At least 310 people have been killed and hundreds injured by flash floods across Pakistan, and the government has issued warnings for additional catastrophic monsoon downpours in 14 additional towns.
With 16 million residents, the southern city of Karachi has experienced neighborhoods and automobiles swamped in knee-deep murky flood water; the roads are impassable. Since Saturday, at least 15 people have passed away.
Businesses in the city have shuttered, and public services have been suspended. Infrastructure, road systems, and 5,600 dwellings, according to the nation’s National Disaster Management Authority (NDMA), had been devastated.
Pakistan, which was hit by a severe heatwave earlier this year, is one of the most susceptible nations according to the Global Climate Risk Index, which tracks the damage extreme weather has on both human and economic resources. According to estimates, environmental disasters in Pakistan cost the country $4 billion in losses between 2008 and 2018.
Climate campaigner Afia Salam remarked, “Climate is playing its part. “These altering weather patterns exist because of the shifting monsoon, greater downpours, and rain that falls quickly instead of over a longer period of time. Urban flooding in Karachi is a sign of the unpredictable weather we are now experiencing. We need to protect the populace through careful planning since we have not yet adapted to these changes, she said.
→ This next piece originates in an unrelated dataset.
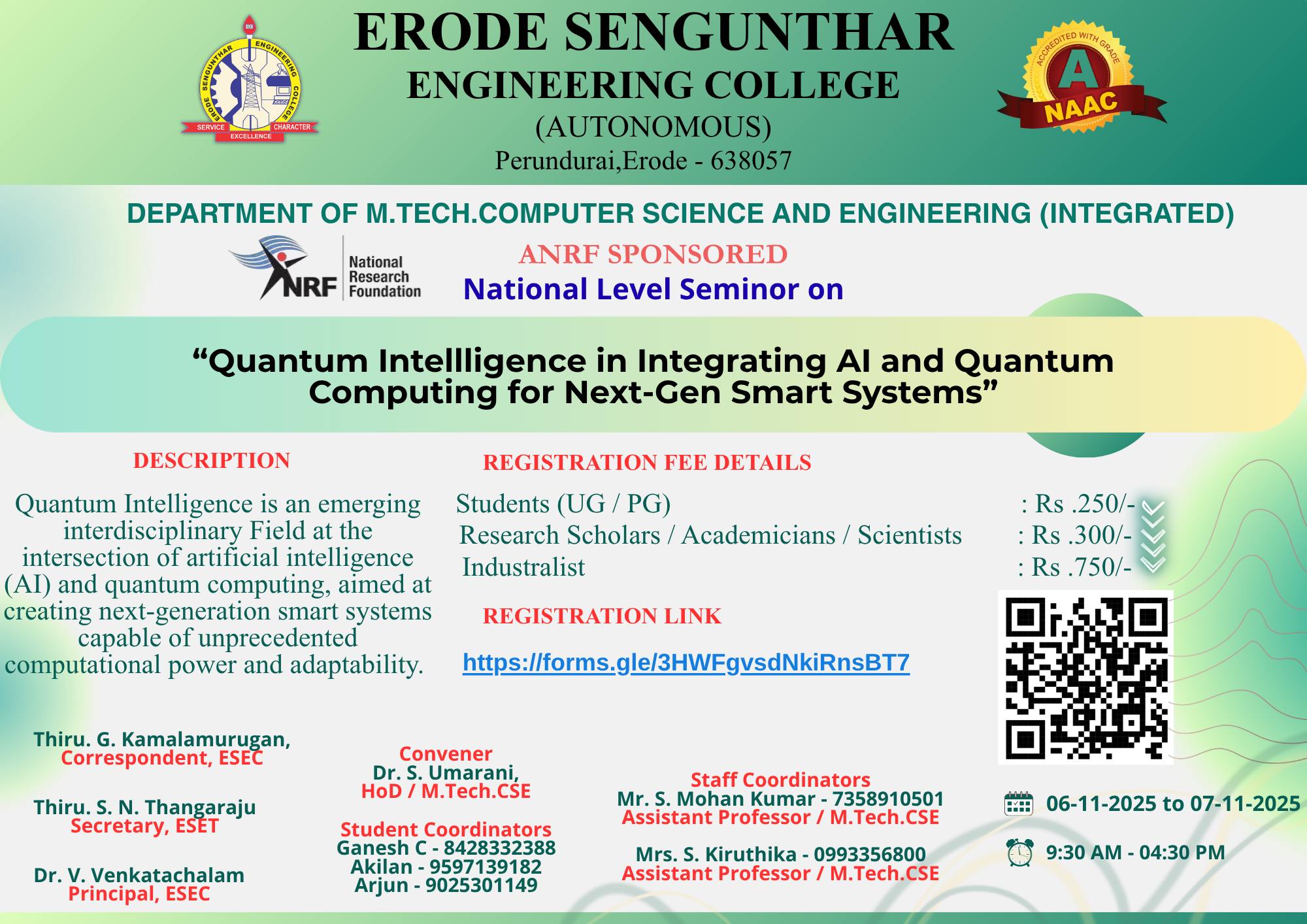 National Level Seminar on Quantum intelligence in integrating ai and Quantum Computing for Next-gen Smart Systems 2025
“Government mismanagement is obvious: in Balochistan we always have flash floods and yet we have deaths, and in 2022 even infrastructural losses are unacceptable. There is a lack of coordination between the department and warnings issued, but disaster management is doing nothing,” according to Salam.
The electronics and clothing markets in Karachi have been destroyed, costing billions of rupees in losses, and vendors there are tallying their losses.
Electronics trader Ahmed Khan said, “We have no choice but to relocate our items to drier and safer regions because the roads turned into rivers – and even vehicles were unable to go through the muddy water on the highways.
Farooq Ali and his neighbors in the Karachi slum of Orangi Town must clean up after a flood of floodwater flooded their residences. “Weather is now unpredictable, and when it rains for even a short time, life stops.
“It will take weeks to drain water out, without any support from the municipal government,” said Ali, a 34-year-old vegetable vendor.